2.1 Sample preparation

β-tricalcium phosphate powder (β-TCP) was obtained from Berkeley Advanced Biomaterials (Berkeley, CA) with an average particle size of 550 nm. High purity strontium oxide (SrO) (99.9% purity) was purchased from Sigma Aldrich ( St. Louis, MO) and magnesium oxide (MgO, 99.998%) was procured from Alfa Aesar, MA, USA. Silicon dioxide (SiO₂) (99%+ purity) and zinc oxide (ZnO) (99.9%+ purity) were purchased from Fisher Scientific (Fair Lawn, NJ). Samples were prepared by mixing 50 g of β-TCP powder and appropriate amounts of dopants (1 wt% SrO, 1 wt% MgO, 0.5 wt% SiO₂ and 0.25 wt% ZnO) in 250 mL polypropylene Nalgene bottles containing 75 mL of anhydrous ethanol and 100 g zirconia milling media with 5mm diameter. Dopant concentrations were chosen based on previous optimization research [6,7,9,10] The mixtures were then milled for 6 h at 70 rpm to minimize the formation of agglomerates and increase homogeneity. After milling, powder was dried in an oven at 60 °C for 72 h and pressed to discs (12 mm diameter and 2.5 mm thickness) using a uniaxial press at 145 MPa. Green compacts were then cold isostatically pressed at 414 MPa for 5 min and sintered at 1250 °C for 2 h in a muffle furnace.

2.2 Sample Density

Density was measured using Archimedes method.
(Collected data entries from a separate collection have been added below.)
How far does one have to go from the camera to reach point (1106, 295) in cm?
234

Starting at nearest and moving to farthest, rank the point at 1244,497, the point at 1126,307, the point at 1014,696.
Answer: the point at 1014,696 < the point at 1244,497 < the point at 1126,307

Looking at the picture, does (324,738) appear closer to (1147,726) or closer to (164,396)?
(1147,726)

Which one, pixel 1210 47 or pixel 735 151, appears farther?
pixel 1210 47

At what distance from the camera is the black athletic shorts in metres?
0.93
Samples were weighed initially dry and then submerged in boiling water for 3 minutes to remove any excess air that may be trapped in the porous structure. The samples were then transferred from the boiling water to room temperature water, where the weight was recorded again (n=3).

2.2 Cell culture

All samples were sterilized by autoclaving at 121 °C for 20 min. In this study, established human preosteoblast cell line hFOB 1.19 (ATCC, Manassas, VA) were used. Cells were seeded onto the samples in 24-well plates at a density of 10⁵ cells/sample. The base medium for this cell line was a 1:1 mixture of Ham's F12 Medium and Dulbecco's Modified Eagle's Medium (DMEM/F12, Sigma, St. Louis, MO), with 2.5 mM L-glutamine (without phenol red). The medium was supplemented with 10% fetal bovine serum (HyClone, Logan, UT) and 0.3 mg/ml G418 (Sigma, St. Louis, MO). Cultures were maintained at 34 °C under an atmosphere of 5% CO₂ as recommended by ATCC for this particular cell line. Medium was changed every 2 days for the duration of the experiment.
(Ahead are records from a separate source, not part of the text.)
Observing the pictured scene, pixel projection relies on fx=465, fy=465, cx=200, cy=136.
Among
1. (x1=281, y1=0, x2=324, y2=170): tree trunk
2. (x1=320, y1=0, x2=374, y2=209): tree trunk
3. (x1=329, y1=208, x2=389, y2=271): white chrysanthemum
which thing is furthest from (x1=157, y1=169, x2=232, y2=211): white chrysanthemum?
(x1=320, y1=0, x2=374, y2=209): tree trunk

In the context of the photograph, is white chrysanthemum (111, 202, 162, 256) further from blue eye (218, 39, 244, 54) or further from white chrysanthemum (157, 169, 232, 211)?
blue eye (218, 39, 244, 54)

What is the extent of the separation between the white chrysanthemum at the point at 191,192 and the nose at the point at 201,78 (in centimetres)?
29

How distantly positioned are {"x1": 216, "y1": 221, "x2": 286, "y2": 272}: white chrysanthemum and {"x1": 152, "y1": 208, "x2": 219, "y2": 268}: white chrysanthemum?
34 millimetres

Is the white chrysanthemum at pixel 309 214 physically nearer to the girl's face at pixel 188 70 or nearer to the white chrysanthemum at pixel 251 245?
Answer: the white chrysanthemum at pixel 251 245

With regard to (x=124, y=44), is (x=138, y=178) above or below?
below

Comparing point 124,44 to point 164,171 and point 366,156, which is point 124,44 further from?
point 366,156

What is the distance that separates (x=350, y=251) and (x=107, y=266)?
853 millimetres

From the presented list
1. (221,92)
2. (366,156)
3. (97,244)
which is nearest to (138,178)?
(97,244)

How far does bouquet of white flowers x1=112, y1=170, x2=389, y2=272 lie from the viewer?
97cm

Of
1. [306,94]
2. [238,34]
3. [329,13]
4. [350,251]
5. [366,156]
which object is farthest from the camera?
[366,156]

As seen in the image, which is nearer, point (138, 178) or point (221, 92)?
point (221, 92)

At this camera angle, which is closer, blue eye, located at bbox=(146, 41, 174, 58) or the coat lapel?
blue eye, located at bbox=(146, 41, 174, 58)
2.4 Cellular proliferation

MTT (3-(4,5-dimethylthiazol-2-yl)-2,5-diphenyl tetrazolium bromide) assay was used to evaluate cell proliferation. The MTT (Sigma, St. Louis, MO) solution of 5 mg/ml was prepared by dissolving MTT in sterile filtered PBS. 10% MTT solution was then added to each sample in 24-well plates. After 2 h of incubation, 1 ml of solubilization solution made up of 10% Triton X-100, 0.1N HCl and isopropanol was added to dissolve the formazan crystals. 100 μl of the resulting supernatant was transferred into a 96-well plate, and read by a plate reader at 570 nm. Triplicate samples were used in MTT assay experiments to insure reproducibility. Data was normalized to the absorbance values for the pure TCP control.

2.4 Cellular morphology

Samples for testing were removed from culture after 3 days of incubation. All samples for SEM observation were fixed with 2% paraformaldehyde/2% glutaraldehyde in 0.1M cacodylate buffer overnight at 4 °C. Post-fixation was performed with 2% osmium tetroxide (OsO₄) for 2 h at room temperature. The fixed samples were then dehydrated in an ethanol series (30%, 50%, 70%, 95% and 100% three times), followed by a hexamethyldisilane (HMDS) drying procedure. After gold coating, the samples were observed under field emission scanning electron microscope (FESEM) (FEI 200F, FEI Inc., OR, USA) for cell morphologies.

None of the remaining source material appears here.